Good portals implement risk-based controls: simple requests flow through with minimal friction; risky requests trigger appropriate review. This requires understanding what’s actually risky versus what’s just treated as risky because that’s how it’s always been done.
The Trust Factor
Self-service requires IT to give up some control, and that’s genuinely uncomfortable for teams that have been gatekeepers for their entire existence. There’s always a reason why someone shouldn’t be able to do something without oversight. What if they make a mistake? What if they don’t understand the implications? What if they create a security vulnerability or blow through the budget?
These concerns aren’t irrational—they’re based on real incidents that happened in the past. But the alternative—IT as a bottleneck for every routine request—doesn’t scale. As organizations grow and development velocity increases, the ticket queue becomes a constraint that slows everyone down. Developers wait days for resources they need today. Projects miss deadlines because provisioning takes too long. Shadow IT emerges as teams find their own ways to get what they need without going through official channels.
The question isn’t whether to trust users, but how to make that trust safe through automation. Compliance checks that run automatically can verify that resources meet security requirements without requiring a human to review each request. Cost controls that prevent runaway spending—budget limits, approval triggers for expensive resources—protect the organization without blocking standard requests. Audit trails that capture who provisioned what, when, and with what justification provide accountability without creating friction.
The goal is making it easier to do the right thing than the wrong thing.
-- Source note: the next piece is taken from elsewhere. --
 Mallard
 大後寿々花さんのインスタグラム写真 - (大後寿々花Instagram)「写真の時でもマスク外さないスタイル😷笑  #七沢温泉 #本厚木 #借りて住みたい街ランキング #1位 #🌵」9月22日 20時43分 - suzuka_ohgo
When the self-service portal is the path of least resistance, and that path automatically enforces the guardrails that matter, you get both velocity and governance.
Starting Small
The temptation is to build a comprehensive portal that handles everything—a single system that covers every type of infrastructure request, every approval workflow, every edge case. Resist this temptation. Comprehensive portals take a long time to build, often miss the mark because they’re designed in isolation from real use, and create a high-stakes launch where everything has to work or nothing does.
Start with one or two high-volume request types. What do developers request most often? Development environments? Databases? Storage buckets? Pick the request type that’s both high-volume and relatively straightforward—something that will demonstrate value quickly without requiring complex workflow logic.
Get those working well. Obsess over the user experience. Watch people use the portal and fix the friction points. Make it genuinely easier than the alternative. Prove that users will actually use self-service when it’s done right.
Then expand deliberately. Each addition is a chance to learn: what do users actually need that the current portal doesn’t provide? Where do they get confused by the interface or the process? What did we assume wrong about how requests work? These learnings should influence not just the new features but refinements to the existing ones.
Self-service infrastructure works when it genuinely serves users instead of just shifting work from IT to everyone else. Building a portal that IT likes but users avoid isn’t self-service—it’s self-deception. True self-service requires understanding users deeply, simplifying ruthlessly even when that means challenging existing processes, and building trust through guardrails that protect the organization without obstructing the people who need to get work done.